Far more interesting was "The Brown Sisters," by Nicholas Nixon.  These are photos of the artist's wife and her three sisters, taken each year from 1975 through 2011.  It's tempting to read into these photographs great meaning about how the sisters felt about each other in any given year, but I'm not sure that's completely valid.  Sometimes, you just pose for the camera, and whether you're standing at a slight remove means nothing more than that you're afraid you're coming down withe a cold, and don't want to pass it along to everyone else.  Perhaps there's some validity that comes with tracing the relationships over time?  I read a review of this show not long ago in the Post, and the reviewer came away with the idea that this reminds us of death.  The sisters are (obviously) aging in the photographs; eventually, there will only be three sisters - eventually, they will all be gone.  My thoughts were not so morbid.  I was impressed that the four women and the photographer came together every year for 36 years - good for them.  I can't but admire their perseverance.  Yes, eventually, they'll all be gone, but so will we all.  Dwell all you like on the inevitable; I prefer to concentrate on the work they've done, rather than the fact that they won't be able to do it forever.

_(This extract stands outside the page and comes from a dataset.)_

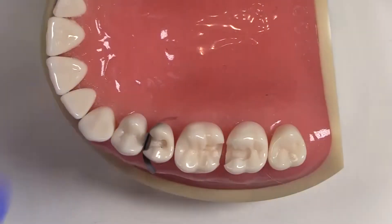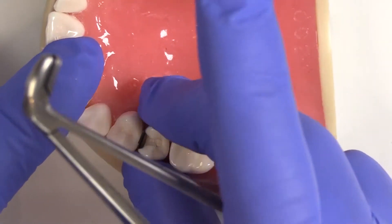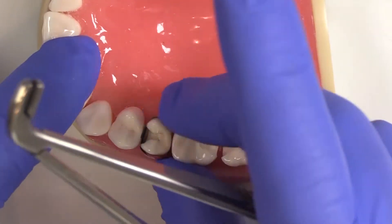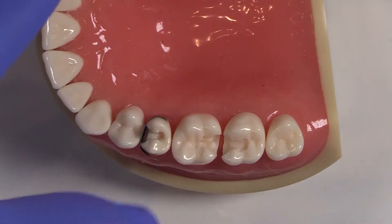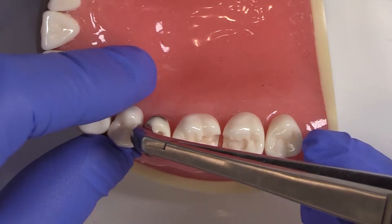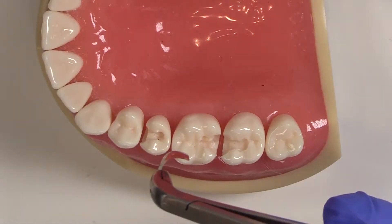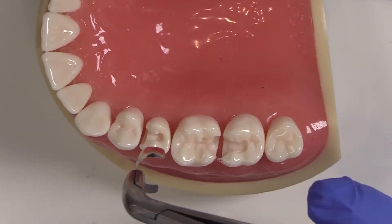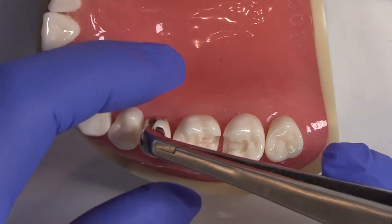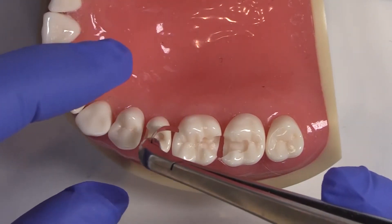What I like to do before I place it in is either pre-bend it or place it on the tooth and give it a little bit of contour to begin with. Then as I come in to place it, I actually try to get it to go into the sulcus — not just interproximally, but also on the buccal and lingual. Sometimes I'll even trim a little bit away if it's too long, because the further we go, the harder it is to get that to go into the sulcus. But in this case, it should be fine.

An intriguing work is Ilse Bing's "Self Portrait" from 1988.  It includes a shattered mirror, in which you can see yourself.  What's the meaning of this, I wondered?  Am I supposed to see myself in her?  Is it meant to be a universal portrait?  I'm not sure I came away with any answers, but if art is supposed to make you think, mission accomplished.  Next up is Ann Hamilton's body object series.  I could not help but be reminded of the web site someone put up with pictures of random objects on a rabbit's head.  I seem to remember a stack of pancakes were among the things that the long-suffering pet bunny had to endure.

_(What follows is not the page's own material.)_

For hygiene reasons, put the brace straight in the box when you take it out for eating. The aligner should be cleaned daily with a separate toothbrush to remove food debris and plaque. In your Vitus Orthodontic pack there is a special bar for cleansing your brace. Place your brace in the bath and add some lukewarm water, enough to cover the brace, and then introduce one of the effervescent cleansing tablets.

Nikki S. Lee's self portraits really stuck with me - another example of the thought-provoking.  She transforms herself into a member of a particular group (skateboarders, yuppies, lesbians, Hispanics, hip hop enthusiasts) and then documents her interactions with actual members of the group.  It made me wonder how she managed this, and if she ever let on to her companions that she really wasn't part of their group.  I can see that this is an interesting experiment, but I wonder about the human cost of the deception.  I wanted to know the full story, rather than just see the photos.

Gillian Wearing takes photographs of herself disguised as other people.  Perhaps the best known and most striking is "Me as Mapplethorpe."  The only way to tell that this isn't a portrait of Robert Mapplethorpe is the small gap between the mask and her face that you can see just below her eyes.  It's a "copy" of Mapplethorpe's final self-portrait, done in 1998.  I was reminded of the Hide/Seek exhibit at the Portrait Gallery a couple of years ago; there was a great photo of Mapplethorpe included - when he was young and well.

Finally, Tomoko Sawada's "ID-400" reminded me of the Asian-American portrait exhibit that I just saw at the Portrait Gallery.  Sawada created 400 different personas, then photographed herself in a photo booth.  Without reading the notes next to the picture, I would not have realized it's the same person.  An amazing amount of work to pull off - again, it's the dedication that stands out for me.

Verdict: Well worth seeing.  It's a big show, so allow plenty of time.  There's lots of different things here, so a little something for everyone.